Probably the biggest trump card that Alphabet née Google holds over all other companies engaged in commercial AI is the data that resides in its servers and its cloud services. Big Data is an understatement for what Google has stored in its data centers.

Now it’s us missing the forest. Google has the largest repository of user data in the world, excepting government agencies, possibly. It is a platinum mine of commercially exploitable information that can be customized and conditionalized at will to create stunningly accurate insights. It is already feeding this information in spits and trickles to its business users, whether it’s for Google Analytics or AdWords or AdSense.
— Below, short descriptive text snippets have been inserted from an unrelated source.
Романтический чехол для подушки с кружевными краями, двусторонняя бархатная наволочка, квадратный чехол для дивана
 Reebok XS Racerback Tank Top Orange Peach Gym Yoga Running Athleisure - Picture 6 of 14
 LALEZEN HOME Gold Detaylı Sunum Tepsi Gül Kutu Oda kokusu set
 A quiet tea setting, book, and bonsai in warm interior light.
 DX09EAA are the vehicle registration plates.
Just like Amazon and Walmart are experts on what people buy, Google knows what information people are looking for and what behavior patterns they exhibit online. And a whole lot more than that. Even if you didn’t fall for that old hoax that Amazon Echo and Google Assistant were eavesdropping on you at all times, you should know that everything about you that is not solely offline is available to the public; and, therefore, to Google.

It’s not that Google would ever intentionally turn on us and turn us into mindless cult-zombies that treat Google as the holy truth, mind you, but that’s exactly the effect it’s had on us as a society, isn’t it? We don’t search for something online; we certainly don’t Bing it.

Google has information that the world wants, and that information is now the foundation of a family of AI-driven hardware and software products. This is Google’s future: Keep the dominance in search and keep building a hardware portfolio to match your software-building capabilities, while leveraging an obscenely large amount of data with artificial intelligence.